Activity
Exact duplicates of the lines from the top of the data through the line containing "a bronze statue" are needed, with every picture left out.

Exercise data
*** Begin section ***

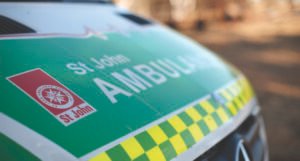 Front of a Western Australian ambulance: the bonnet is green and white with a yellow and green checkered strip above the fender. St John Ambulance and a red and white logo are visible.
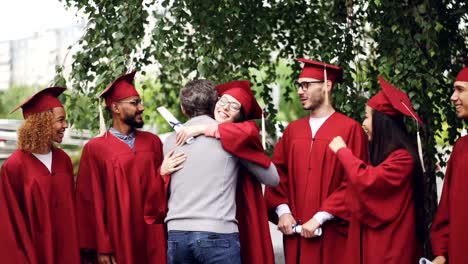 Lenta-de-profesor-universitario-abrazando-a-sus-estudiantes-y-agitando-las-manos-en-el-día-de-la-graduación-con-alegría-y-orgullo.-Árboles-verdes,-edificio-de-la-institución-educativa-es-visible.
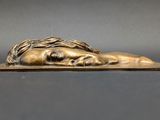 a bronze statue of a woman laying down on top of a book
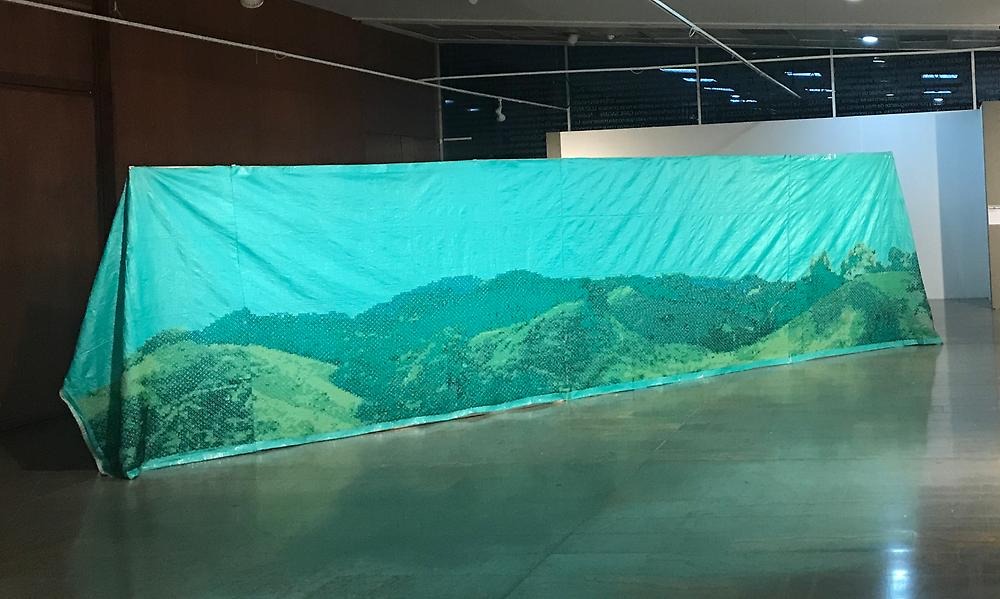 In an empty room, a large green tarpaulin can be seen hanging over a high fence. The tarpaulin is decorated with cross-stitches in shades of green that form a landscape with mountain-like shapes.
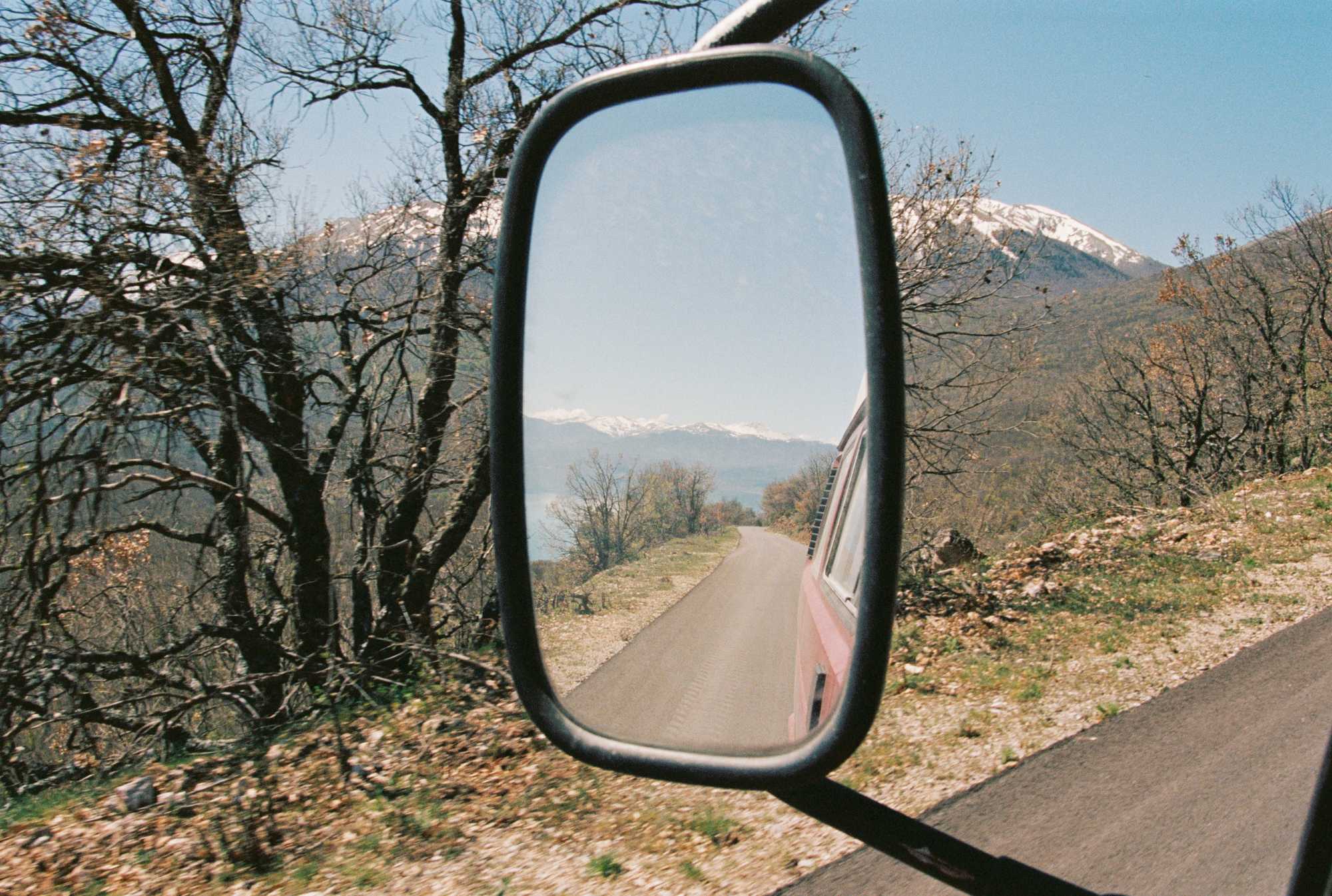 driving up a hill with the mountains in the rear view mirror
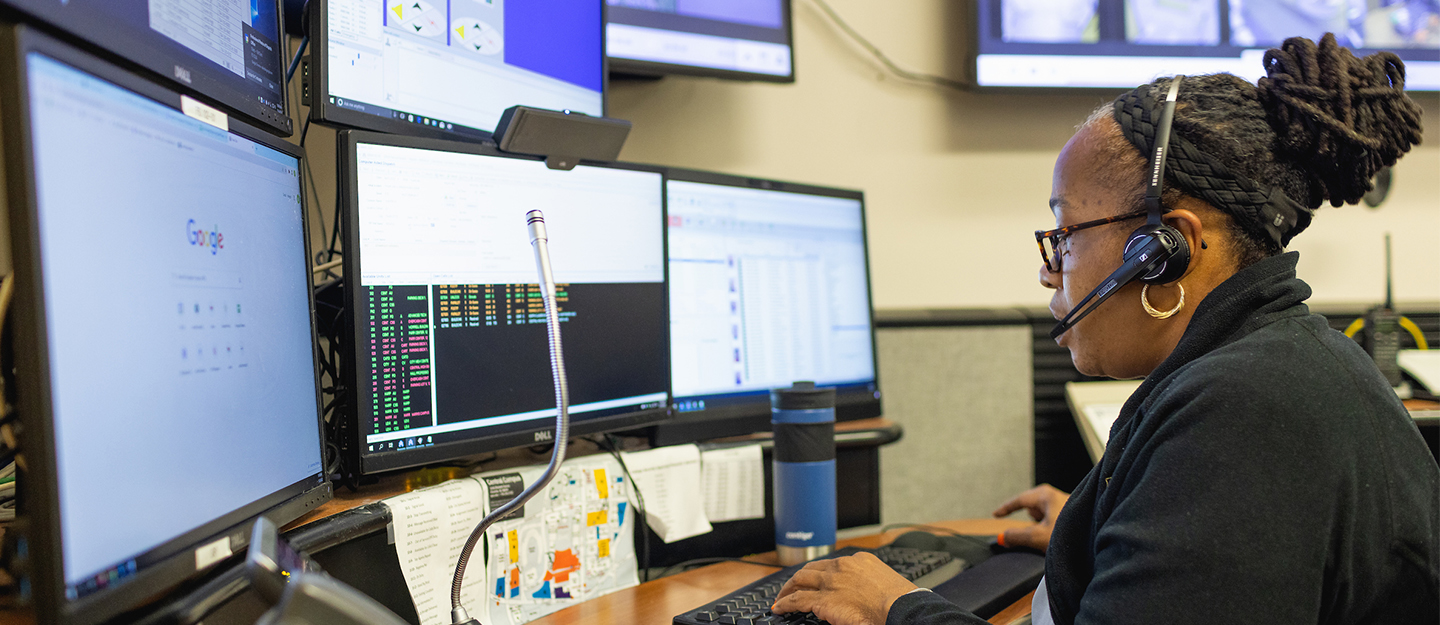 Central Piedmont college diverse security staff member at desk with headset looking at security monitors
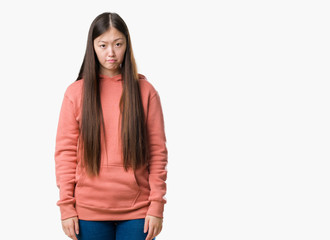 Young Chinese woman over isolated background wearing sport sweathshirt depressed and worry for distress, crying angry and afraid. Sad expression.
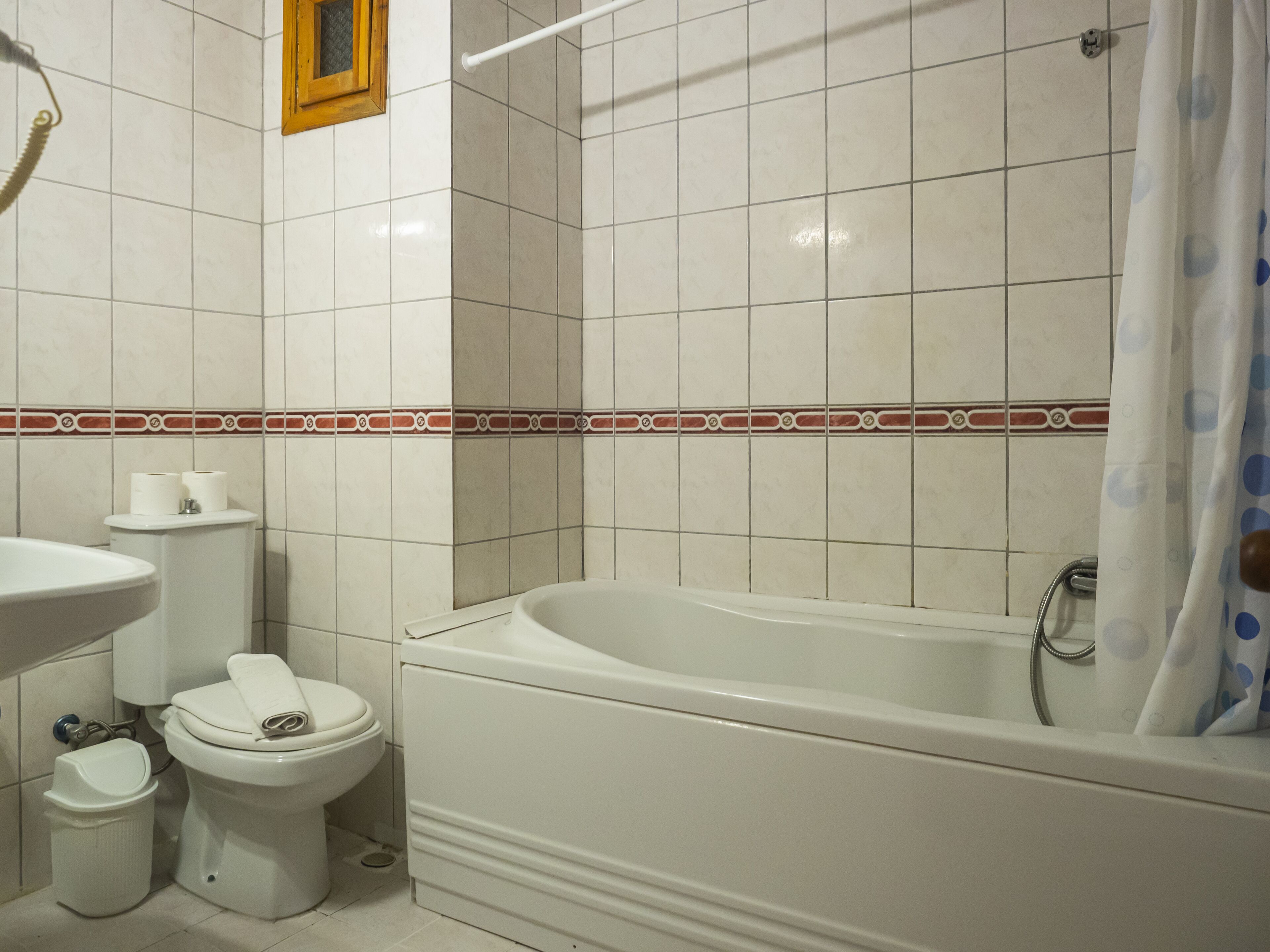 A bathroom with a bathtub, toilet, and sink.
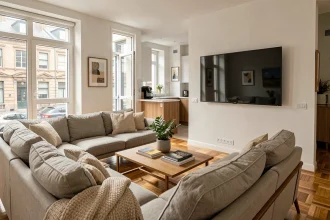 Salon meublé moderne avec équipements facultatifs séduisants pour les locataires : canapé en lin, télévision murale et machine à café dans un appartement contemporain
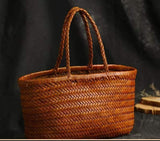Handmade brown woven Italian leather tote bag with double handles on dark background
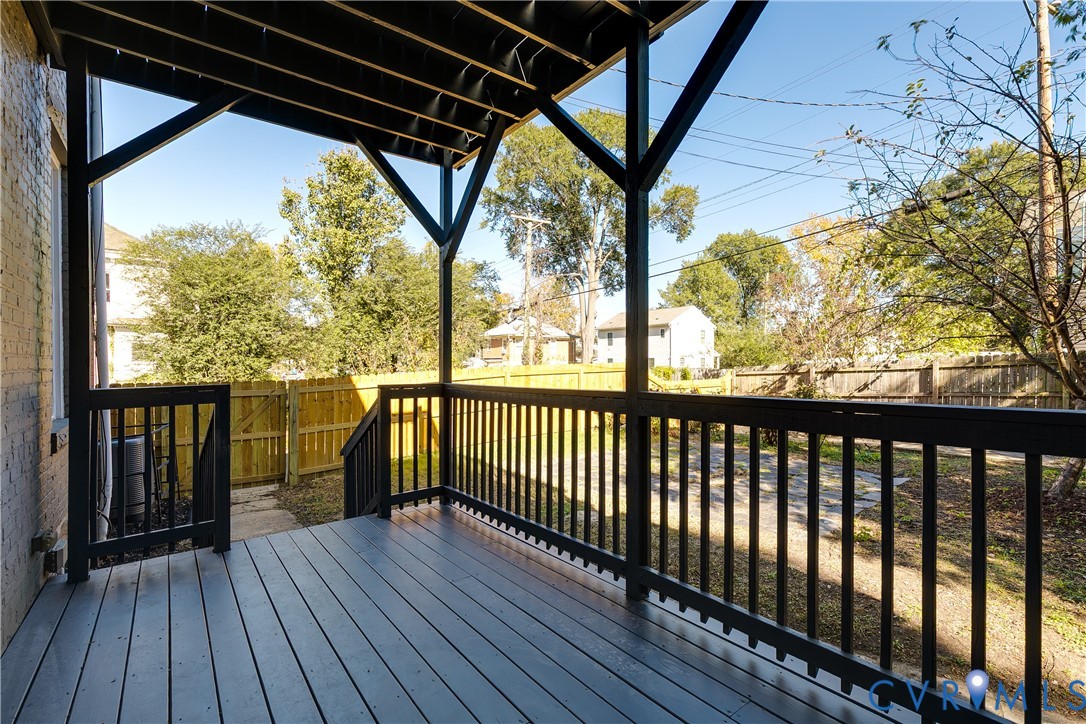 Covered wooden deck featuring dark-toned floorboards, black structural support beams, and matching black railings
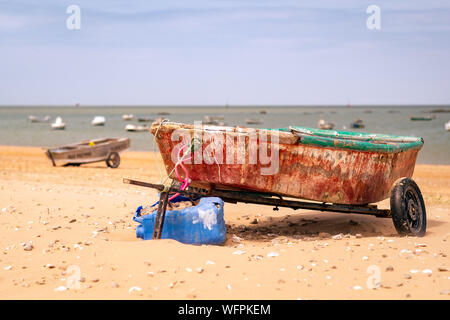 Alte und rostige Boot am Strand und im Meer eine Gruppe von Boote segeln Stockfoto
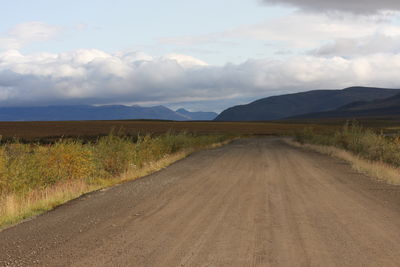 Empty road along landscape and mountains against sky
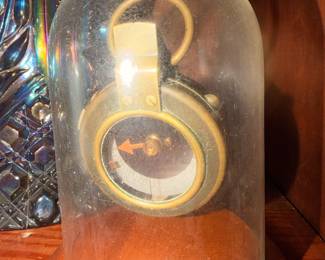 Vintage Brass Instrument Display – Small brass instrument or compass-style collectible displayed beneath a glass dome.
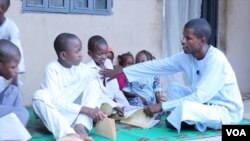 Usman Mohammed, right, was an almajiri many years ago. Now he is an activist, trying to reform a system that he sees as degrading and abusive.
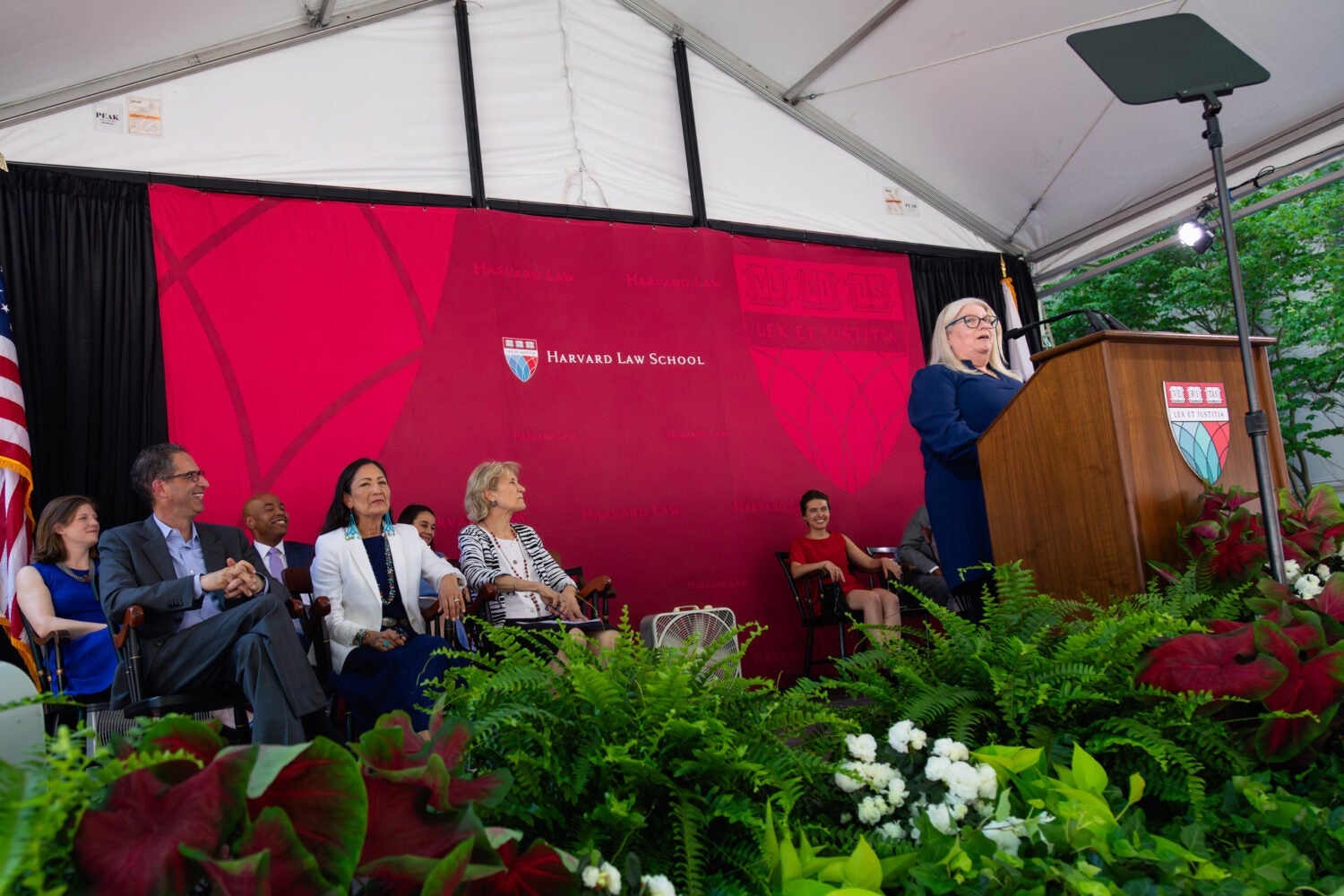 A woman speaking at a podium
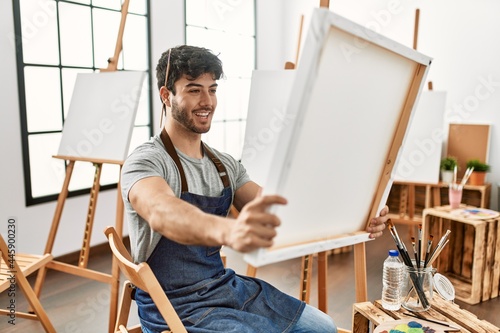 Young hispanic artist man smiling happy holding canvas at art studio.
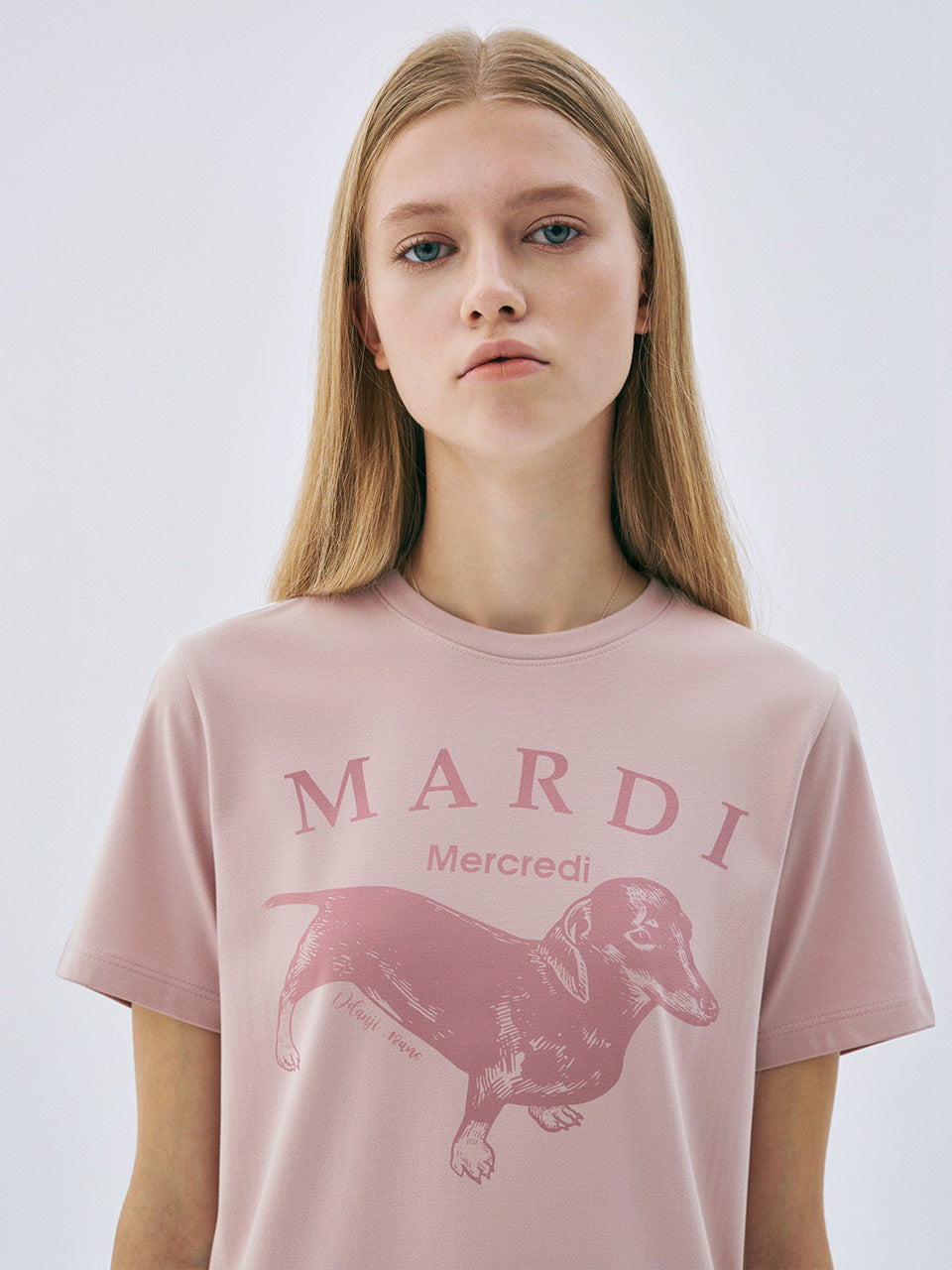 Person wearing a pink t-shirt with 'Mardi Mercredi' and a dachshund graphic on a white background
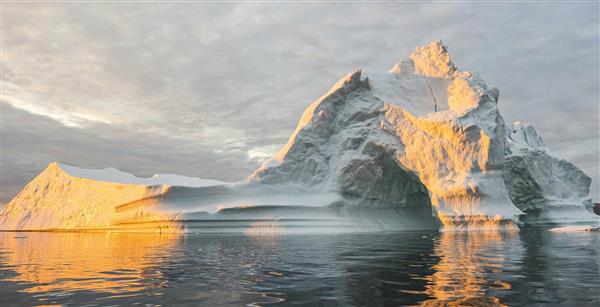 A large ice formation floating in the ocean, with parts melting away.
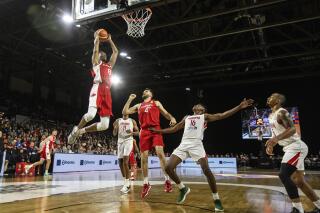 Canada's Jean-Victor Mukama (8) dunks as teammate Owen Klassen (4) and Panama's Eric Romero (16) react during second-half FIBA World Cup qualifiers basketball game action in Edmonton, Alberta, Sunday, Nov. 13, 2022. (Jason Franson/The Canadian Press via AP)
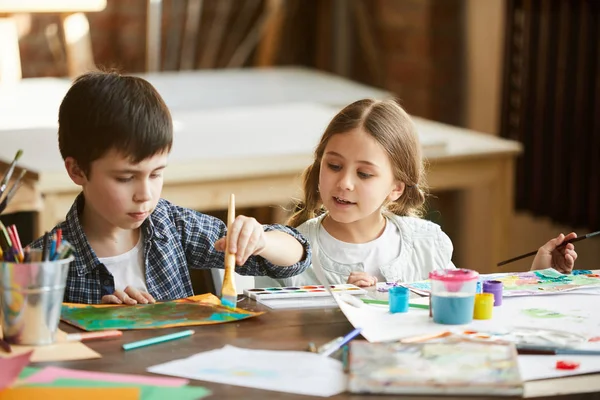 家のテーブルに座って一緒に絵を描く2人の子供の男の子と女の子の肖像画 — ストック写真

*** End section ***

Response
 Front of a Western Australian ambulance: the bonnet is green and white with a yellow and green checkered strip above the fender. St John Ambulance and a red and white logo are visible.
 Lenta-de-profesor-universitario-abrazando-a-sus-estudiantes-y-agitando-las-manos-en-el-día-de-la-graduación-con-alegría-y-orgullo.-Árboles-verdes,-edificio-de-la-institución-educativa-es-visible.
 a bronze statue of a woman laying down on top of a book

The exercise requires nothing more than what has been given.